Egypt's military-backed rulers step up crackdown on Brotherhood with arrest of top leader

CAIRO (AP) Egypt on Tuesday announced the arrest of the supreme leader of the Muslim Brotherhood, dealing a serious blow to the Islamist group at a time when it is struggling to keep up its street protests against the ouster President Mohammed Morsi in the face of a harsh crackdown by authorities.

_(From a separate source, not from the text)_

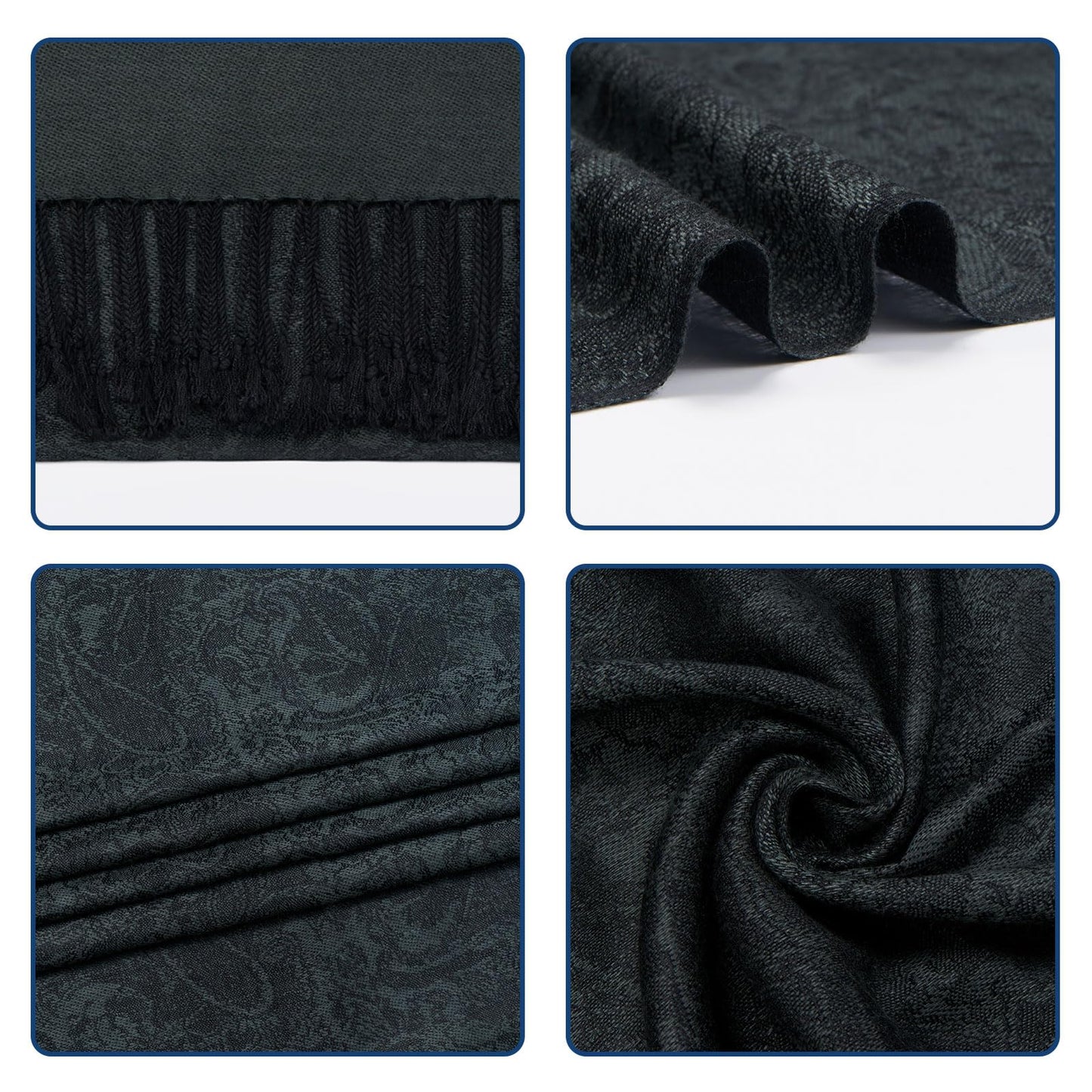 QIUTIMIY Paisley Pashmina Shawl Wrap Women Reversible Vintage Jacquard Pashmina Rave Scarf with Fringe for Evening, Wedding(Flower3-Black)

The Brotherhood's spiritual guide, Mohammed Badie, was arrested in an apartment at the eastern Cairo district of Nasr City, close to the location of the six-week sit-in protest by supporters of Morsi, who also hails from the Islamist group. The encampment was cleared by security forces last Wednesday, along with another protest site in Giza, in a raid that killed hundreds of people.

Badie's arrest is the latest stage in an escalating crackdown by authorities on the Brotherhood in which hundreds have also been arrested. The Brotherhood's near daily protests since Morsi's ouster have somewhat petered out the last two days, with scattered demonstrations in Cairo and elsewhere in the country attracting hundreds, sometimes just dozens.

Morsi himself has been detained in an undisclosed location since the July 3 coup, prompted by days-long protests by millions of Egyptians demonstrating against the president and his rule. He is facing accusations of conspiring with the militant Palestinian Hamas group to escape from prison during the 2011 uprising and complicity in the killing and torture of protesters outside his Cairo palace in December.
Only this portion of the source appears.